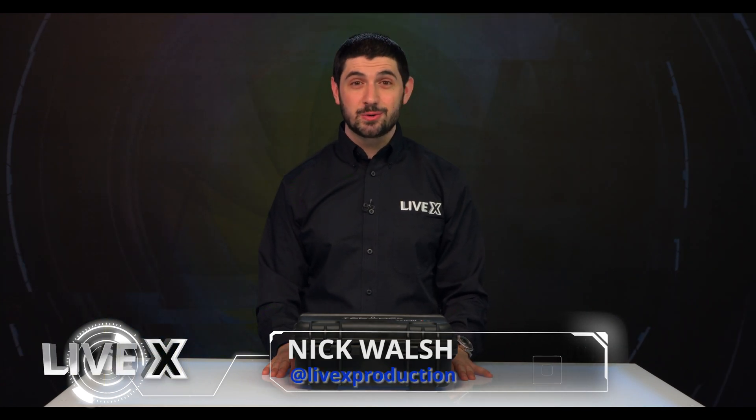Hey everyone, Nick Walsh here from LiveX, and today we are going to be unboxing the VidU Go. The VidU Go is an update to Teradek's old VidU, which gave you access to one cellular LTE modem. Now you can plug in a second one, which also gets you on Core. So let's take a look inside.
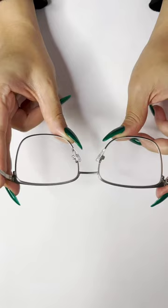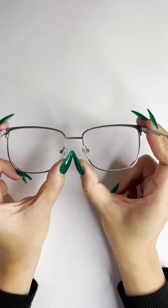Push your nose pads closer if your glasses sit too low. Push the nose pads apart if your glasses sit too high.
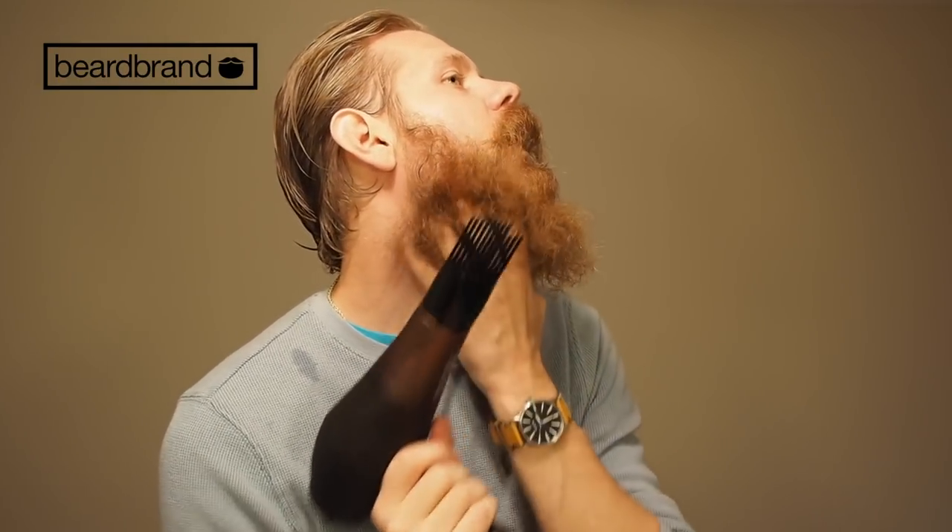Once I get the product in I start off with the diffuser. I put the speed on low and the heat on medium. The strategy I like to do is blow the air up and out — up and out — and that's going to help straighten the hairs and lock them into place. The faster speed and higher heat you use, the straighter your hair will go, but I prefer medium heat and low speed.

**WHAT IS BEING ASKED**
Every line of the material must be reproduced verbatim; the pictures are to be omitted.

**WORKED SOLUTION**
Hey everyone, Nick Walsh here from LiveX, and today we are going to be unboxing the VidU Go. The VidU Go is an update to Teradek's old VidU, which gave you access to one cellular LTE modem. Now you can plug in a second one, which also gets you on Core. So let's take a look inside.
Push your nose pads closer if your glasses sit too low. Push the nose pads apart if your glasses sit too high.
Once I get the product in I start off with the diffuser. I put the speed on low and the heat on medium. The strategy I like to do is blow the air up and out — up and out — and that's going to help straighten the hairs and lock them into place. The faster speed and higher heat you use, the straighter your hair will go, but I prefer medium heat and low speed.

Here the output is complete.